A straightforward example of this can be found on the front page of Guardian Unlimited. As we saw above, most of what we produce are, of course, articles. Articles are fundamental to the system. But on the front page you can see a long list of stories, with pictures, links and sometimes little snippets of text. This is called a “trailblock”. When creating something like the front page we could have said trailblocks are just special kinds of articles. This would be the elegant solution, the clever solution, the solution which doesn’t introduce new ideas, and which therefore might be regarded as the simplest solution. But it would also be the wrong solution, because that is not how our journalists think of these things, it is not how they like to manipulate these things, and to contort an article into an unsuitable shape would have caused all kinds of problems.

What we ended up with was a trailblock being an entirely new type of content. As a result we have specialist editing tools (which are quite unlike articles’ editing tools), various ways of rendering them, and extensions such as RSS feeds which would be near-impossible if trailblocks were really just glorified articles. We introduced a new concept, but that concept was only new to the software. It was not new to the problem domain — the world that journalists inhabit.

Simplicity and comprehension

To take another example, I used to work with a wonderfully elegant system (now sadly defunct) which was so pluggable and so configurable that it was often impossible to work out where certain things came from. One day our sysadmin thought he’d like to try his hand at coding, so we gave him a simple job to do: the command line already had a help message, but we’d like it to be a bit more comprehensive. He returned in despair after an hour: “I’ve grepped through the entire source, and I cannot find one instance of the word ‘help’.” Yes, our code was so configurable, even location of the help message was obscured.

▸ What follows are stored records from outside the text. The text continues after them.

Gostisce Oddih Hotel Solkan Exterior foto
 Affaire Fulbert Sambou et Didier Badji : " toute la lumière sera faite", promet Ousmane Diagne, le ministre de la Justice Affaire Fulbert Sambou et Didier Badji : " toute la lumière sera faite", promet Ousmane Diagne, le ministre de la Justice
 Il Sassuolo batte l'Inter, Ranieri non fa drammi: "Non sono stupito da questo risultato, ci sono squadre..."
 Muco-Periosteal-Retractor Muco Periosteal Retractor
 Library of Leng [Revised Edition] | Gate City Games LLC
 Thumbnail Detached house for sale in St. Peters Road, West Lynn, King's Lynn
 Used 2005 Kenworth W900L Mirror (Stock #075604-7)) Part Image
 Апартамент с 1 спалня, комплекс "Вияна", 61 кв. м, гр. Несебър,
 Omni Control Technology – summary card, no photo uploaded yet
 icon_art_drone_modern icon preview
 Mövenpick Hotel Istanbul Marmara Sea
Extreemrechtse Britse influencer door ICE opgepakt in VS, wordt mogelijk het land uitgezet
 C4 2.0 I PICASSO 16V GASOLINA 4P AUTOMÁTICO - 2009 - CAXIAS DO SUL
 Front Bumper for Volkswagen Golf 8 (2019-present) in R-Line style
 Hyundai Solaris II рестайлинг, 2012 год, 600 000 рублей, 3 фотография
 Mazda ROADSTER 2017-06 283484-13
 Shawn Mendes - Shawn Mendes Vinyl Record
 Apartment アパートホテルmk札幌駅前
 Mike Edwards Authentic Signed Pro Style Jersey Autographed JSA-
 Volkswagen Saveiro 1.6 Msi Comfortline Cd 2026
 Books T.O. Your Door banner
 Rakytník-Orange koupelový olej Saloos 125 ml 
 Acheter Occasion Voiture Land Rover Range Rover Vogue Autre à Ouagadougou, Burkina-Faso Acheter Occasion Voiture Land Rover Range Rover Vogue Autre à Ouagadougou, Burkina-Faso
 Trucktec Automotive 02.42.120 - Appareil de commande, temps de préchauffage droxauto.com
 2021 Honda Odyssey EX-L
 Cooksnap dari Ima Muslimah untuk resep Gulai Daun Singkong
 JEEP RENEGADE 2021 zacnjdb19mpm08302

Making something appear obvious is hard work, and you don’t get people admiring your work so much because, well, you’ve made it look obvious. But nor do you get people lightly cursing you, such as the developer I know of who delved into a system and discovered that one of his predecessors had named a crucial function “.”. That’s a single fullstop. Clever? Yes. Helpful? Unlikely.


There’s no pithy conclusion to this. I hope the guide above leads us to better understand what simplicity of software involves, and how to distinguish it from its near neighbours. Certainly it’s made me think carefully about a subject I’d previously underestimated.